Everyone thinks in terms of time — hours, days, weeks, months, and years — but software estimation is more complex than that. Trying to put hours on a feature (aka. PBI, user story, or requirement) puts you into a mental space that leads you in the weird directions and often wastes a lot of time. How often have you started working on something that you thought would take 8 hours and suddenly you have a new understanding of the complexity of the problem and takes 40 hours? Or how about you’re working on a feature with a couple of colleagues and you don’t all work at the same pace and don’t all have the same level of expertise on all the required activities? Or maybe you spend 30 minutes coming up with an estimate. Your boss hears that estimate and says “spend a couple more day on that estimate and make it bulletproof”. You spend a couple more days on that revised estimate. The new estimate is not significantly different than the ‘quickie’ version. At the end of your project, you find out that both estimates were wrong.

Whatever you end up doing, you’ll do an hours-based estimate on a bunch of PBIs but you forget to include some non-optional activity like QA or deployment and, in the end, your estimate is wildly wrong.  It’s always something.  Whether it’s something you missed, something you got wrong, or just some kind of ‘fire drill’ while you’re developing – it just never works out.

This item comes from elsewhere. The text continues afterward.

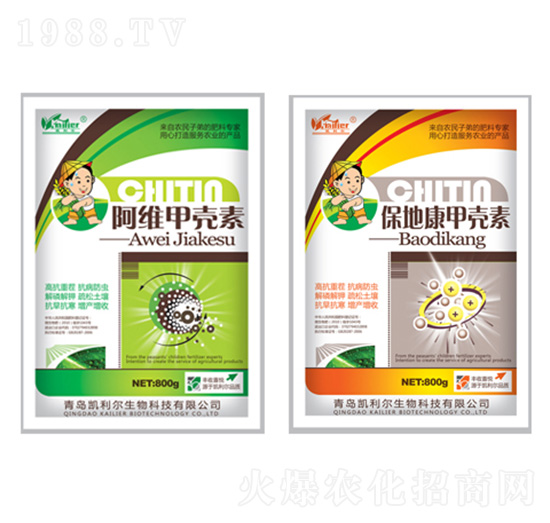 ���ؿ��ך���-�P����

These things happen all the time. In short, estimating in terms of hours can be incredibly wasteful and you almost never get close to the real values. Also, if you estimate your PBIs in terms of hours, it’s entirely possible that the hours spent on the Tasks for that PBI does not actually end up being the same as the original hours-based time estimate on the PBI. It’s always really weird when a PBI that’s “40 hours” ends up taking “60 hours” or “20 hours”. The number of hours a PBI takes is very flexible and variable.

And now, drawing this minimally coherent blog post to a close, I’ll reiterate the main reason for “why story points” is that estimating in hours simply doesn’t work. You need something else. Story point estimation isn’t perfect but it’s better than nothing and, most importantly, it doesn’t even bother trying to get accurate hours-based estimates for the PBI. There’s a hubris to hours-based estimation on PBIs. Story points have a built-in flexibility and humility that says “we forecast that this is how much effort it will take but we’re often wrong so please don’t take those hours as a guarantee.”